• Data section
== == ==

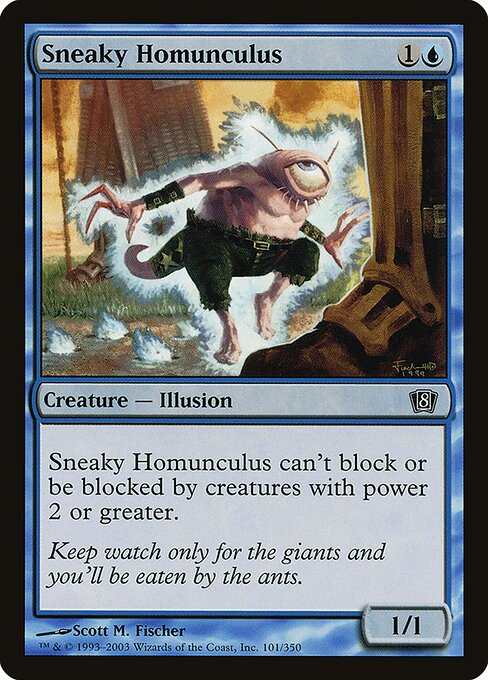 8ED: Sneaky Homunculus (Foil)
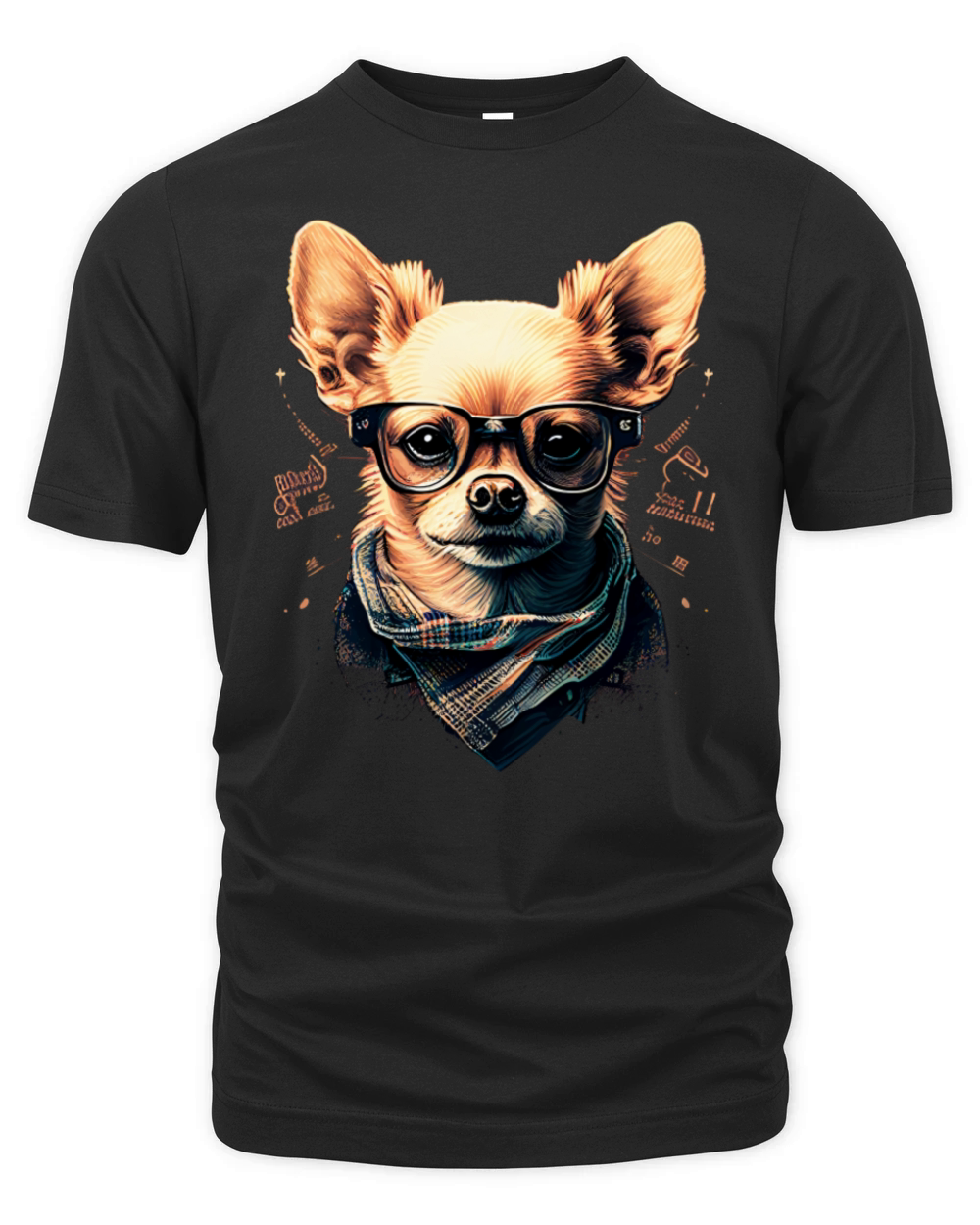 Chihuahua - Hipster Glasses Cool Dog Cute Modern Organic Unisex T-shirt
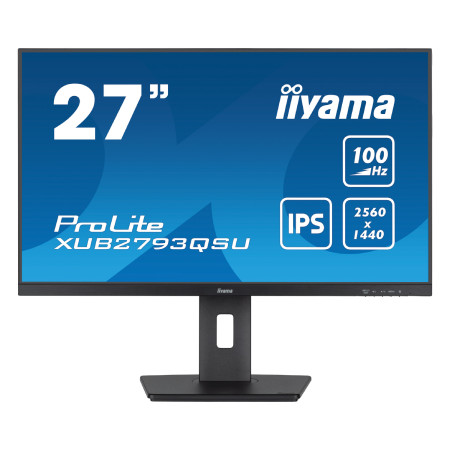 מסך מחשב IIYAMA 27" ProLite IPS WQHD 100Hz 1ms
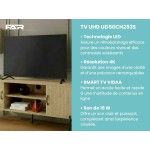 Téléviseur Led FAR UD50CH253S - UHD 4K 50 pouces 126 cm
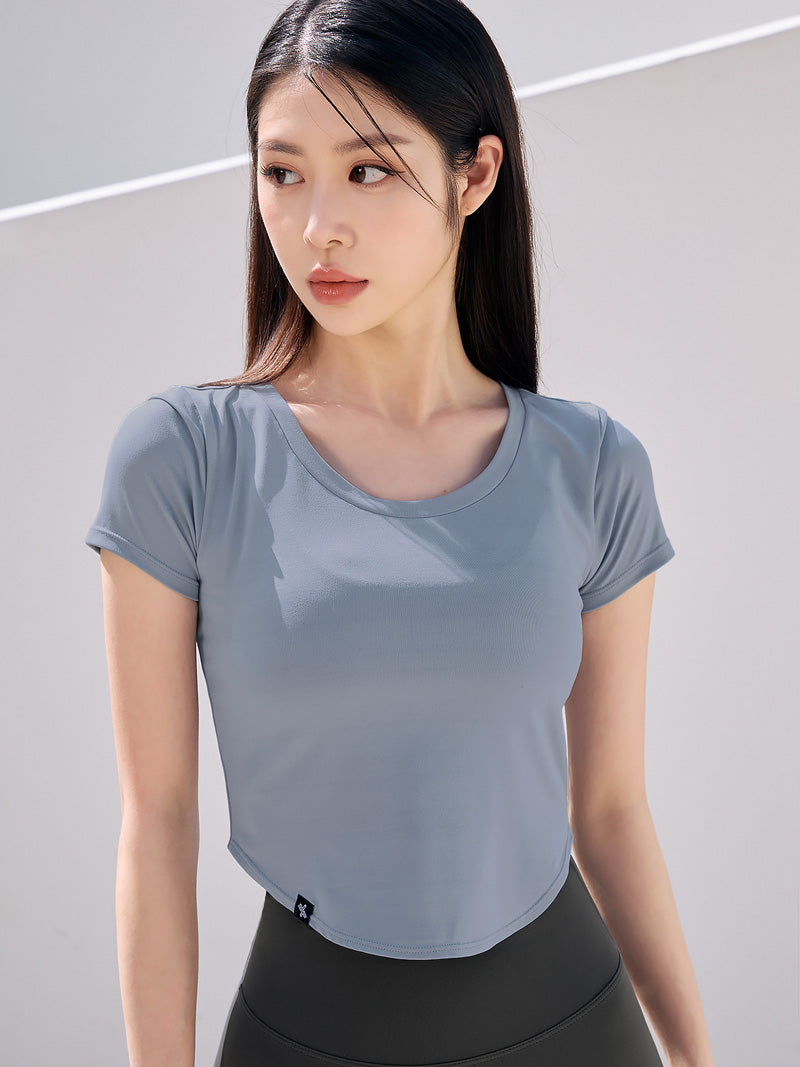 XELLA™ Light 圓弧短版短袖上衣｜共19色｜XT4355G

== == ==

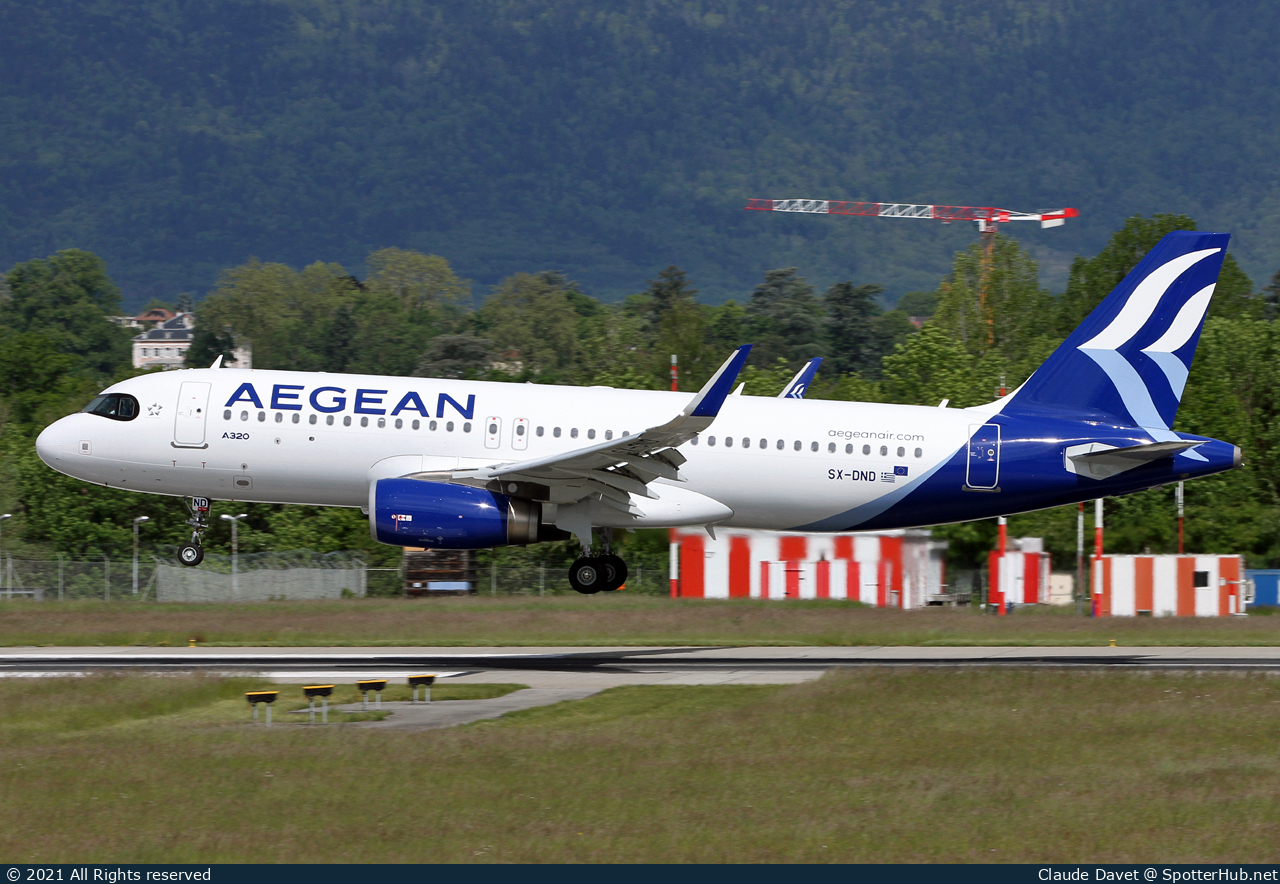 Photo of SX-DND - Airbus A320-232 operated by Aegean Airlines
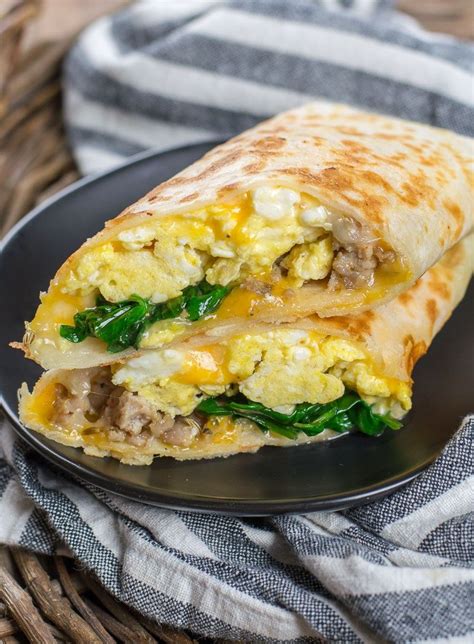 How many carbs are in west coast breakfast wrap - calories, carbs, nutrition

== == ==

• Problem requirements
Above are the records; restate exactly the lines from the one containing "8ED: Sneaky Homunculus (Foil)" through the one containing "XELLA™ Light 圓弧短版短袖上衣｜共19色｜XT4355G", keeping pictures out.

• Response area
 8ED: Sneaky Homunculus (Foil)
 Chihuahua - Hipster Glasses Cool Dog Cute Modern Organic Unisex T-shirt
 מסך מחשב IIYAMA 27" ProLite IPS WQHD 100Hz 1ms
 Téléviseur Led FAR UD50CH253S - UHD 4K 50 pouces 126 cm
 XELLA™ Light 圓弧短版短袖上衣｜共19色｜XT4355G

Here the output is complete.